Ana Paula Siqueira
A maioria dos presidiários no Brasil tem uma cara: são homens de 18 a 24 anos, com baixa escolaridade e que não estão detidos pela primeira vez. Os dados são do Departamento Penitenciário Nacional (Depen), que indicam a existência de um déficit de 200 mil vagas nos presídios. Na Câmara, uma CPI se propõe a buscar soluções para o sistema carcerário brasileiro. Ela foi criada um dia antes do massacre da cadeia de Ponte Nova (MG), onde 25 presos morreram carbonizados numa briga entre gangues rivais.
No Brasil, existem cerca de 420 mil pessoas cumprindo pena – grande parte delas em recintos precários e provisórios, devido à superlotação dos presídios, causada pelo déficit de vagas. Um fator que aparece com muita freqüência nas estatísticas negativas, relacionadas com todo tipo de problemas sociais, é a baixa escolaridade.
Essa característica parece ter relação direta com o cometimento dos crimes. A maioria dos homens e mulheres que estão sob a punição máxima da lei brasileira não chegou a completar o ensino fundamental. São quase 150 mil pessoas, o que equivale a aproximadamente 35% do total de presos. Por outro lado, apenas 1.463 presidiários (menos de 1% do total) têm curso superior e 58 fizeram pós-graduação.
Para o relator da CPI do Sistema Carcerário da Câmara, deputado Domingos Dutra (PT-MA), a superlotação dos presídios, cadeias e delegacias pode ser a origem real para todos os outros problemas que afetam o setor. “Isso avilta a situação dos presos, que se concentram num curto espaço físico.
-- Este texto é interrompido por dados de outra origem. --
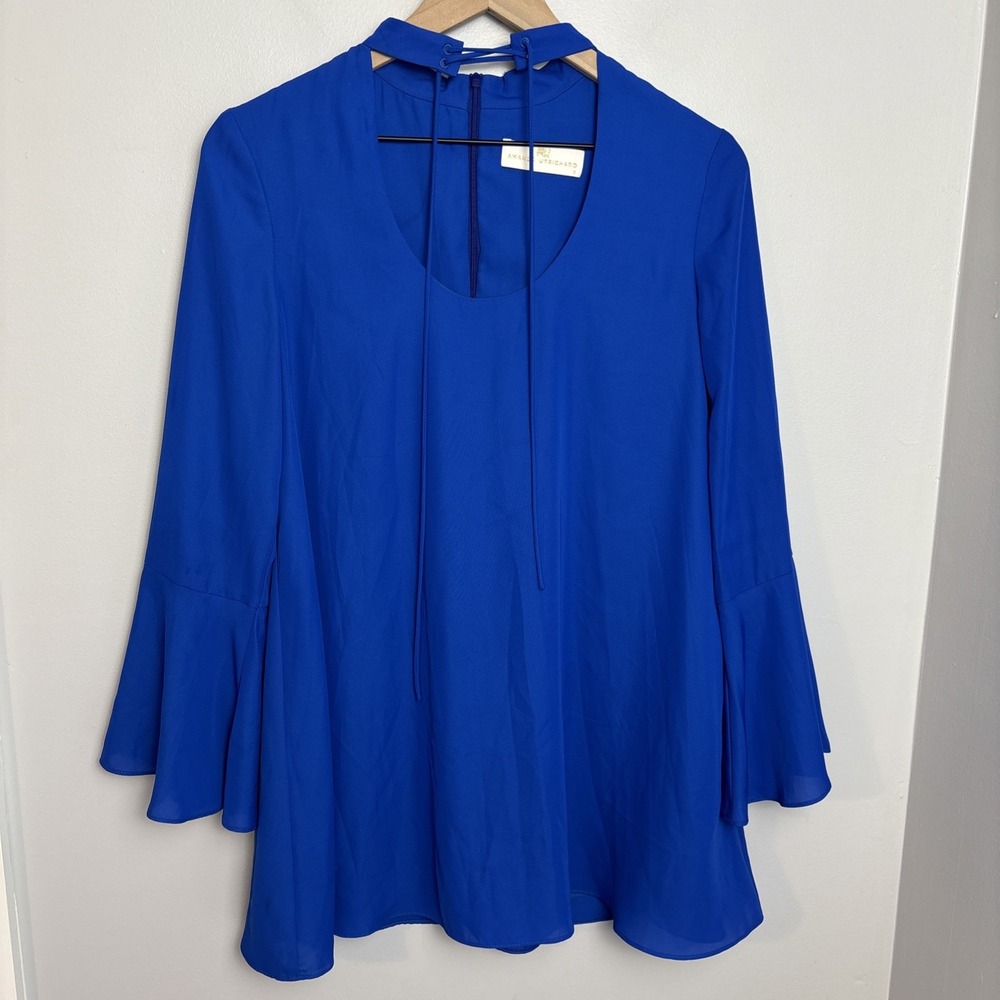Amanda Uprichard Women's S Tie Neck Mini Dress 3/4 Sleeve Lined Royal‎ Blue FLAW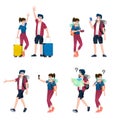 Young happy man and woman tourists flat cartoon character. Around the world traveling male and female people on a summer vacation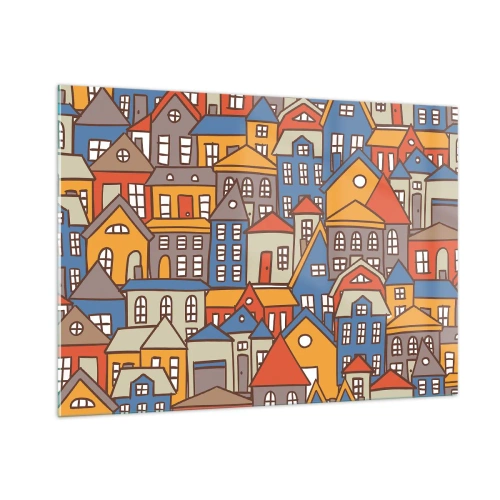 Glastavla - Bild på glas - Hus bakom hus - 100x70 cm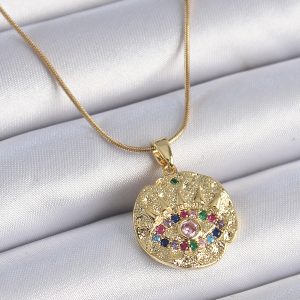 316L Çelik Zincir Gold Renk Zirkon Taşlı Göz İşlemeli Madalyon Model Kadın Kolye - Görsel 1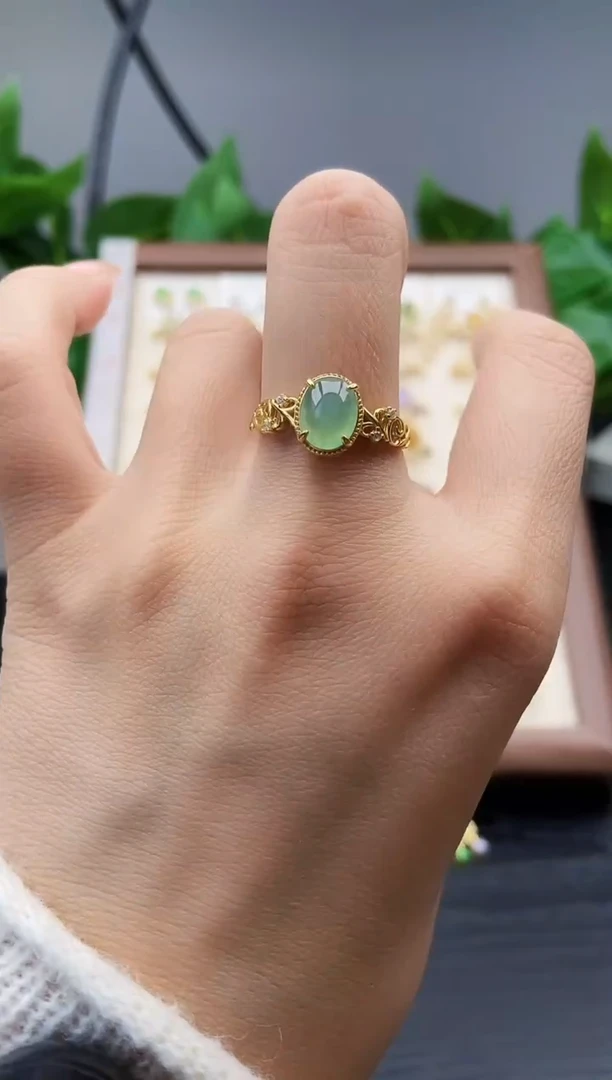 银S925镶嵌戒指翡翠12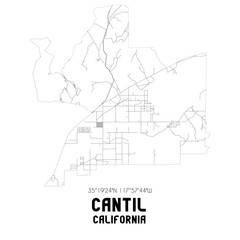 Cantil California. US street map with black and white lines.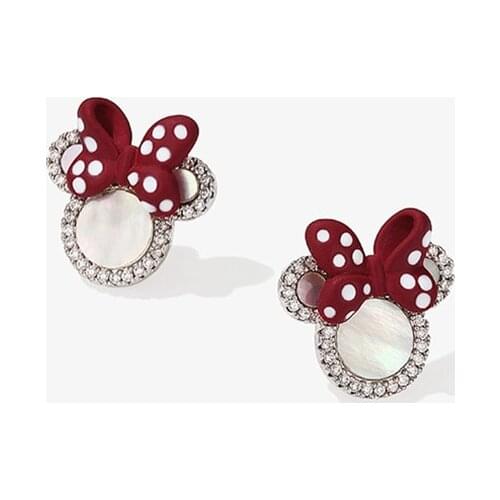 Cute Mouse Women Earrings Stud Wholesale Cartoon Bear Anime Crystals Bow Jewelry 2021 Halloween Gifts Charm Piercing Accessories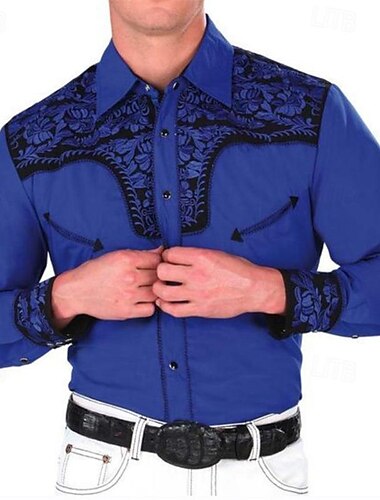  Klassisch Retro Vintage 18. Jahrhundert Bluse / Hemd Westlicher Cowboy Herren Maskerade Alltagskleidung Junggesellinnenabschiedsparty Erwachsene Hemd Ganzjahres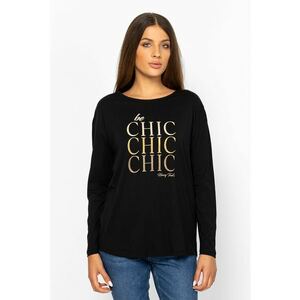 Bluza lejera cu strasuri Carmina - Auriu/Negru imagine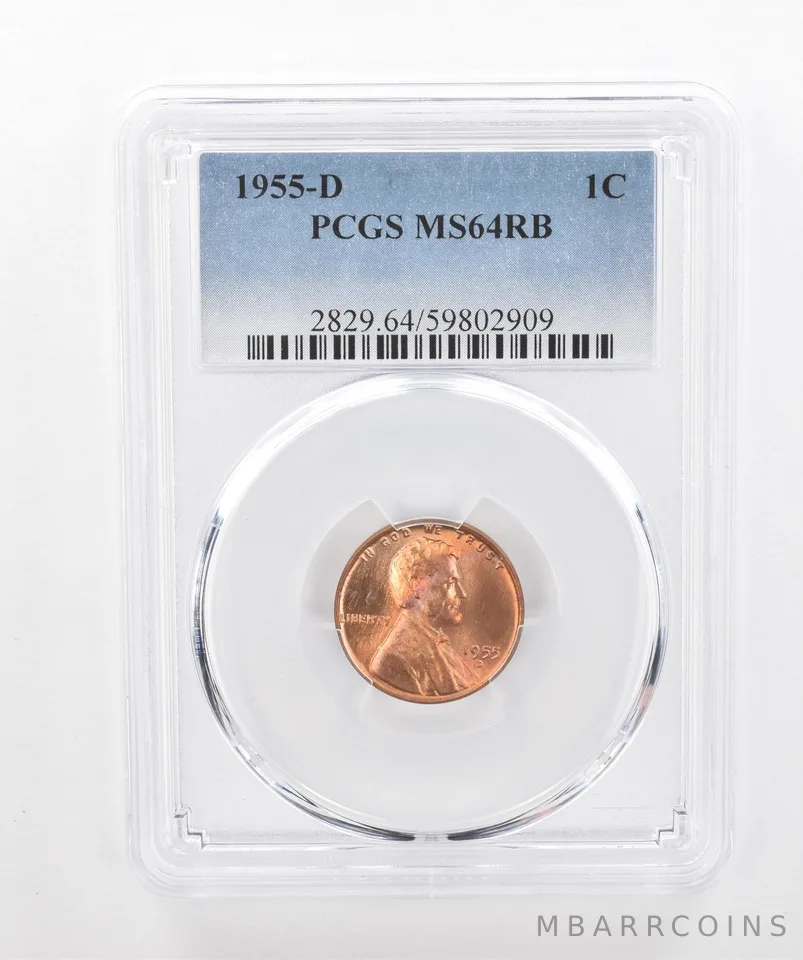 1955-D Lincoln Wheat Cent MS64 RB PCGS Beautiful Tone *3006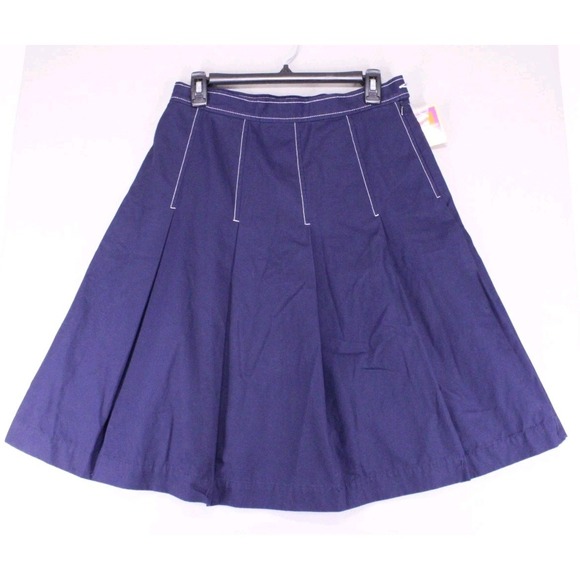 Isaac Mizrahi Dresses & Skirts - Isaac Mizrahi Women's Knee Length PleatedSkirt Size 10 Navy Side Zip NWT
Além disso, desfigura a Lei de Execução Penal, que prevê a individualização da pena”, afirmou.
O professor Antônio Flávio Testa, cientista político e especialista em segurança pública, concorda que "o sistema é precário ". “O Estado não tem condições de cumprir as suas próprias determinações."
Reincidência alta
Mesmo considerando-se o fato de muitas secretarias de Segurança Pública estaduais não enviarem informações ao Depen, constata-se que a maioria dos detentos não está presa pela primeira vez. Entre os homens, os reincidentes são mais de 90 mil. Isso reforça o argumento de parlamentares e especialistas que defendem a reintegração dos presos através dos programas de ressocialização.
O presidente da CPI do Sistema Carcerário, deputado Neucimar Fraga (PR-ES), lembra da existência da idéia de que investir em quantidade e qualidade de presídios é "regalia para presos". Ele defende que isso tem que ser modificado. Fraga acredita que, sem investimentos nos programas de ressocialização e, principalmente, na viabilização das penas alternativas, a crise não poderá ser superada.
Alternativas à superlotação
A adoção de penas alternativas pode ajudar a acabar com a superlotação. Segundo especialistas, além de incentivarem a ressocialização, elas contribuem para os condenados não ficarem isolados e ociosos dentro de uma penitenciária. Um dos defensores da idéia é Jomar Alves Moreno, presidente da Comissão de Direitos Humanos da Ordem dos Advogados do Brasil no Distrito Federal.
Segundo ele, se fossem dadas condições aos juízes de expedirem penas alternativas à prisão, o número de internos cairia de 30% a 40%. Hoje, alega-se que as medidas alternativas são pouco utilizadas por não haver estrutura para fiscalizar o cumprimento delas.
Além de diminuir os gastos com os presos, essas punições teriam caráter educativo e não permitiriam que criminosos de vários tipos ficassem juntos. Atualmente, não há separação dos presos por tipo de crime.
Domingos Dutra acha importante isolar criminosos perigosos dos que cometeram delitos pequenos. Ele defende a criação, em cada presídio, de comissões de classificação para fazer essa triagem. “Há verdadeira salada de presos. Não se pode deixar um traficante de drogas na mesma cela em que está alguém preso por pequenos desentendimentos.”
Irrecuperáveis
Flávio Testa não acredita que todos os presos possam ser recuperados. Problemas de ordem estrutural e cultural, originados pela desestruturação familiar e desamparo do Estado, fazem, segundo ele, com que muitos não consigam se ressocializar. Por isso, ele enfatiza que apenas as medidas punitivas não são suficientes.
O especialista cita outros fatores responsáveis pelo caráter crônico da crise do sistema carcerário. “A falta de investimento no planejamento familiar, na geração de emprego e renda e a construção de uma mentalidade que se guie pela formalidade e pela legalidade são fatores de fundamental importância para diminuir os altos índices de criminalidade", concluiu Testa.
Verbas travadas
O contingenciamento de verbas para a segurança pública é apontado pelo especialista como outro fator que incide na crise do sistema carcerário. Mas, segundo Fraga, desde o ano passado, esse problema não acontece e liberação de dinheiro para a área está normalizada.